# What to produce
Using the records below, quote only the span that opens with the line containing "Pickleball-Spieler-Paddle-UK-Flagge Magnet (Vorne)" and closes with the line containing "Emerald Lake, Moraine, Louise, Johnston", exactly and inclusively.

Source data
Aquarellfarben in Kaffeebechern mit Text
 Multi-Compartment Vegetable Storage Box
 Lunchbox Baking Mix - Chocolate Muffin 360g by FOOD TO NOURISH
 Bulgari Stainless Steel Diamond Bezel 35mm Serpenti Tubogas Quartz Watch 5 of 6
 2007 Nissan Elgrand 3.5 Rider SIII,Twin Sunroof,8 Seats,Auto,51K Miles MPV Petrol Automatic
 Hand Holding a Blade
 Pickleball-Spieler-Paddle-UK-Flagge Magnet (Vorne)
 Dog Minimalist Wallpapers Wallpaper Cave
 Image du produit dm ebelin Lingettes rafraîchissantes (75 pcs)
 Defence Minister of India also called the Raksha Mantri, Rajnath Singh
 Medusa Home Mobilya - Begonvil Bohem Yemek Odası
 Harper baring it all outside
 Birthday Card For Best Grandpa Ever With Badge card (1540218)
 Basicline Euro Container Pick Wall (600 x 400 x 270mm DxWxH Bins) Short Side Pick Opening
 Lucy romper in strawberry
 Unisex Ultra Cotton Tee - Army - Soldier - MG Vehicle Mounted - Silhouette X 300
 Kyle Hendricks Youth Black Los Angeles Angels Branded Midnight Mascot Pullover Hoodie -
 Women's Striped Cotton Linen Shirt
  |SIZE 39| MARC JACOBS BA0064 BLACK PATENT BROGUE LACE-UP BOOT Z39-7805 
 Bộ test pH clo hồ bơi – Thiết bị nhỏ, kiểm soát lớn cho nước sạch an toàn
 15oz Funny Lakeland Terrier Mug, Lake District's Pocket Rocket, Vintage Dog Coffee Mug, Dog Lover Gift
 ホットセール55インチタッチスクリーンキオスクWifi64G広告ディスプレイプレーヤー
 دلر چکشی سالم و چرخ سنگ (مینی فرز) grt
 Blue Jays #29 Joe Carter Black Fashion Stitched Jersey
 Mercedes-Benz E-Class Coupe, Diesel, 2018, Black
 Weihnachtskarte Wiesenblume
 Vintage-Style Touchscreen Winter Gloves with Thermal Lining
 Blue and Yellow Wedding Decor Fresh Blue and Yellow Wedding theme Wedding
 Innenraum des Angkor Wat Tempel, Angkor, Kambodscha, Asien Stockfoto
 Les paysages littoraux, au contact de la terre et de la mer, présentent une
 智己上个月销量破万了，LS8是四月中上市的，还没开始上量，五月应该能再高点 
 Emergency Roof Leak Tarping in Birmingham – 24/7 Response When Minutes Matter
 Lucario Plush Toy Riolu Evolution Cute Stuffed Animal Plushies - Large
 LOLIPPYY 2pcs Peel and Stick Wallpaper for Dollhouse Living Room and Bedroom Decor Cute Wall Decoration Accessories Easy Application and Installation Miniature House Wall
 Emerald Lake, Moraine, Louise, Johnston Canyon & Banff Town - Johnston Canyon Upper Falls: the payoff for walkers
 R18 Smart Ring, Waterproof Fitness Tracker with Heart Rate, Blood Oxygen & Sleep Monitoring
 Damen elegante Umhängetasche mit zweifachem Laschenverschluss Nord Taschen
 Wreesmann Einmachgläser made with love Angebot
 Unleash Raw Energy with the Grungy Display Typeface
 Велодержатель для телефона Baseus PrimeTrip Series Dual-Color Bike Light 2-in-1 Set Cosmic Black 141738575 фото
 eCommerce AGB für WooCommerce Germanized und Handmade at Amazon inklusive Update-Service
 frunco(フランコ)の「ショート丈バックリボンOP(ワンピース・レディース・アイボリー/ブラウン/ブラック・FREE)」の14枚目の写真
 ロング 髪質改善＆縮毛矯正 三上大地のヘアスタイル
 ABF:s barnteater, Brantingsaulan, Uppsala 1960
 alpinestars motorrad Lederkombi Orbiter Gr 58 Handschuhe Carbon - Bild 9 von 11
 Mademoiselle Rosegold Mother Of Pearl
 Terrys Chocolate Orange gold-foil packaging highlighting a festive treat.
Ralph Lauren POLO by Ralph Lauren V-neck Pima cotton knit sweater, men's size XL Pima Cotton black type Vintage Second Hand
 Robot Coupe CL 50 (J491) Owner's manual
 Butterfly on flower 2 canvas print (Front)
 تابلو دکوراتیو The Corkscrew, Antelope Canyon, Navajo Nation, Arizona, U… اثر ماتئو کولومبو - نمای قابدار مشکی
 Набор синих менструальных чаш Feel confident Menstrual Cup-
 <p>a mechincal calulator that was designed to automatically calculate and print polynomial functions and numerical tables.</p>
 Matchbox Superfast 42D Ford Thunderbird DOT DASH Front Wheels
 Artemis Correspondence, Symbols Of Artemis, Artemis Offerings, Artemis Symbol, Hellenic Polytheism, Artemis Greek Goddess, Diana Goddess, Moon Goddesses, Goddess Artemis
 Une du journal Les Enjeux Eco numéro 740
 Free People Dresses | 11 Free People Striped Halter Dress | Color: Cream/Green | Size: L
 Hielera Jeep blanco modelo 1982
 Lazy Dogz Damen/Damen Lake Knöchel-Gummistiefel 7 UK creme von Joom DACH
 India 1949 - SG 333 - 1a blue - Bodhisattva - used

# Output of the task
 Pickleball-Spieler-Paddle-UK-Flagge Magnet (Vorne)
 Dog Minimalist Wallpapers Wallpaper Cave
 Image du produit dm ebelin Lingettes rafraîchissantes (75 pcs)
 Defence Minister of India also called the Raksha Mantri, Rajnath Singh
 Medusa Home Mobilya - Begonvil Bohem Yemek Odası
 Harper baring it all outside
 Birthday Card For Best Grandpa Ever With Badge card (1540218)
 Basicline Euro Container Pick Wall (600 x 400 x 270mm DxWxH Bins) Short Side Pick Opening
 Lucy romper in strawberry
 Unisex Ultra Cotton Tee - Army - Soldier - MG Vehicle Mounted - Silhouette X 300
 Kyle Hendricks Youth Black Los Angeles Angels Branded Midnight Mascot Pullover Hoodie -
 Women's Striped Cotton Linen Shirt
  |SIZE 39| MARC JACOBS BA0064 BLACK PATENT BROGUE LACE-UP BOOT Z39-7805 
 Bộ test pH clo hồ bơi – Thiết bị nhỏ, kiểm soát lớn cho nước sạch an toàn
 15oz Funny Lakeland Terrier Mug, Lake District's Pocket Rocket, Vintage Dog Coffee Mug, Dog Lover Gift
 ホットセール55インチタッチスクリーンキオスクWifi64G広告ディスプレイプレーヤー
 دلر چکشی سالم و چرخ سنگ (مینی فرز) grt
 Blue Jays #29 Joe Carter Black Fashion Stitched Jersey
 Mercedes-Benz E-Class Coupe, Diesel, 2018, Black
 Weihnachtskarte Wiesenblume
 Vintage-Style Touchscreen Winter Gloves with Thermal Lining
 Blue and Yellow Wedding Decor Fresh Blue and Yellow Wedding theme Wedding
 Innenraum des Angkor Wat Tempel, Angkor, Kambodscha, Asien Stockfoto
 Les paysages littoraux, au contact de la terre et de la mer, présentent une
 智己上个月销量破万了，LS8是四月中上市的，还没开始上量，五月应该能再高点 
 Emergency Roof Leak Tarping in Birmingham – 24/7 Response When Minutes Matter
 Lucario Plush Toy Riolu Evolution Cute Stuffed Animal Plushies - Large
 LOLIPPYY 2pcs Peel and Stick Wallpaper for Dollhouse Living Room and Bedroom Decor Cute Wall Decoration Accessories Easy Application and Installation Miniature House Wall
 Emerald Lake, Moraine, Louise, Johnston Canyon & Banff Town - Johnston Canyon Upper Falls: the payoff for walkers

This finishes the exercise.